I use a small ansible script to move some files and install some packages, so I probably wouldn’t even use it myself. My angle is to consider what is going to be most useful to most people with minimal effort and I think scribbling a few lines of YAML to automate the most common use cases is a good way to accomplish that.

It’s hard to get a sense of what is going to make the most people happy. At a minimum we’ll need your work to bake-in for a while so more folks can test it out, and for them to weigh in.

It just doesn’t seem as flexible as scripting and as Eric put it “inventing our own format” so I’m just trying to figure out who its most meant to benefit if we were to go this direction.
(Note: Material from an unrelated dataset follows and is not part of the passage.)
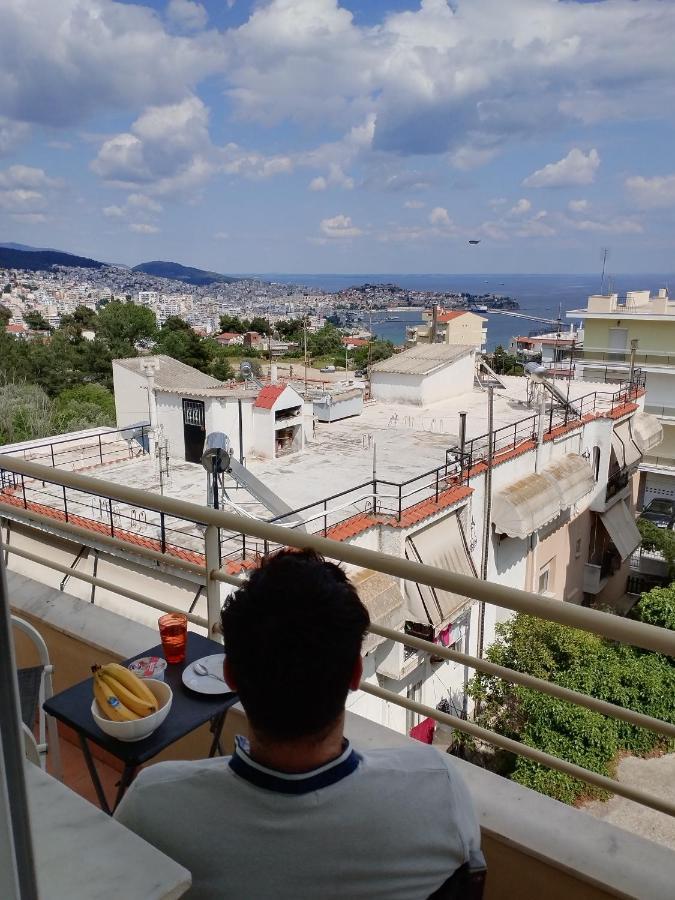 Rose Studio Kavala Exterior foto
One thing we can consider is replacing the local file strategy with what you are suggesting, so you have the easy template of packages and files to copy over and also have the git repo + bootstrap script workflow. I’m hesitant to go this direction, but if this is the workflow devs prefer and it will accomodate the different types of users, its worth considering.

Agreed, I would love to hear from more devs, get some feedback from those using the feature, and also hear if anything is preventing devs from using it. I really would like to do whats best for developers overall, I’m just trying to understand the different perspective.

I realized there is no reason we can’t execute a boostrap file that came from the local directory too, so I opened up this PR to add that functionality:

This will make it easier to just run some simple commands, hopefully giving the existing workflow a bit lower barrier to use for executing some simple tasks.